Fenomena baru yang mencuat sejak 2016, katanya, adalah jual beli jabatan. Setelah memenangkan pilkada, kepala daerah sebagai Pejabat Pembina Kepegawaian (PPK) memiliki kewenangan mengangkat, memutasi, dan memberhentikan ASN di wilayahnya. Di sinilah ruang transaksional terbuka lebar.
“Pasarnya sudah jelas: kepala dinas pendidikan sekian miliar, dinas PU sekian miliar, kesehatan sekian miliar harganya. Kepala daerah beralasan, ‘saya maju keluar ongkos mahal, masa kamu tidak bayar’. Ini nalar yang rusak, tapi sudah menjadi praktik lazim di banyak daerah,” katanya.
Dampaknya fatal. ASN yang berintegritas, menolak kompromi dan tetap berpegang pada meritokrasi, justru terpinggirkan. Birokrasi daerah kehilangan profesionalisme, karena jabatan bukan lagi hasil prestasi, melainkan transaksi.
DPRD Melemah, Pengawasan Lumpuh
Dalam teori tata kelola pemerintahan lokal (local governance), lembaga pengawas utama kepala daerah adalah DPRD. Namun dalam praktiknya, fungsi pengawasan ini nyaris tidak berjalan. Banyak DPRD justru berkoalisi secara tidak sehat dengan kepala daerah demi kepentingan bersama.
“Dewan kita banyak yang tidak fungsional. Alih-alih mengawasi, malah kongkalikong dengan eksekutif. Akibatnya, sistem pengawasan yang mestinya berlapis menjadi lumpuh,” katanya.
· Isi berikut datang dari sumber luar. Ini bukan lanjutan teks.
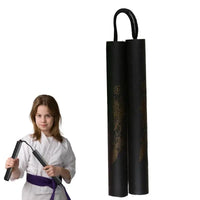 Thumbnail for Red/Blue/Black/Green/Yellow Safe Fitness Nunchakus Children KungFu Beginners Training Tool Hot Martial Art Foam Nunchakus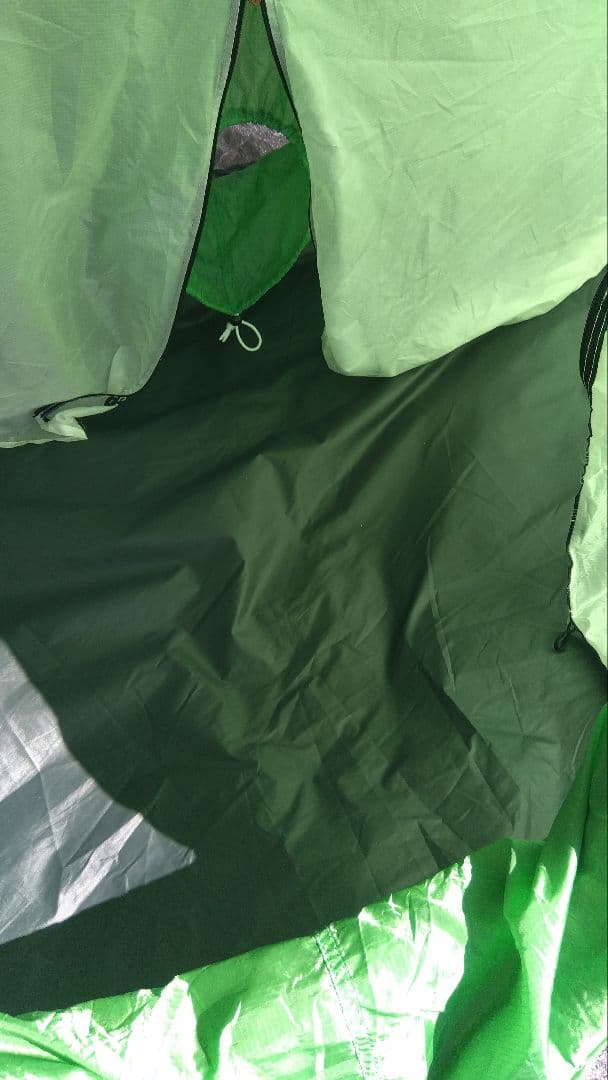 レア　エスパース　ソロウィンター　内張り付きソロテント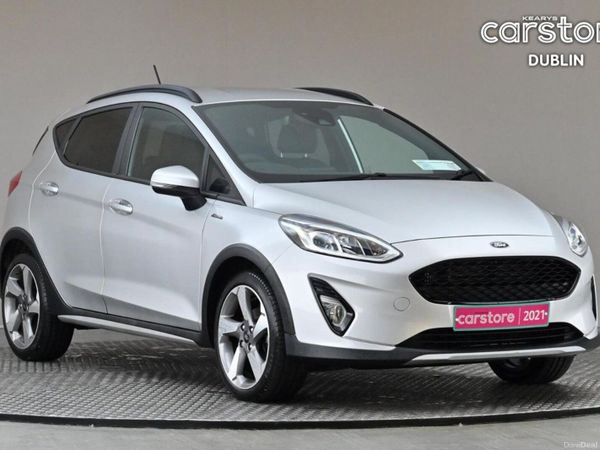Ford Fiesta Hatchback, Petrol, 2021, Grey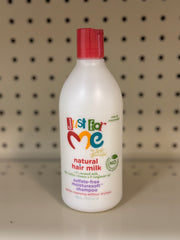 JUST FOR ME NATURAL HAIR MILK SULFATE-FREE MOISTURE SOFT SHAMPOO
Selain itu, pengawasan dari masyarakat, pers, dan lembaga swadaya masyarakat juga belum cukup kuat. Munculnya whistleblower atau “peniup peluit” dari kalangan internal birokrasi memang memberi secercah harapan, namun masih bersifat sporadis dan sering dilatarbelakangi faktor personal seperti mutasi tidak adil atau rasa kecewa.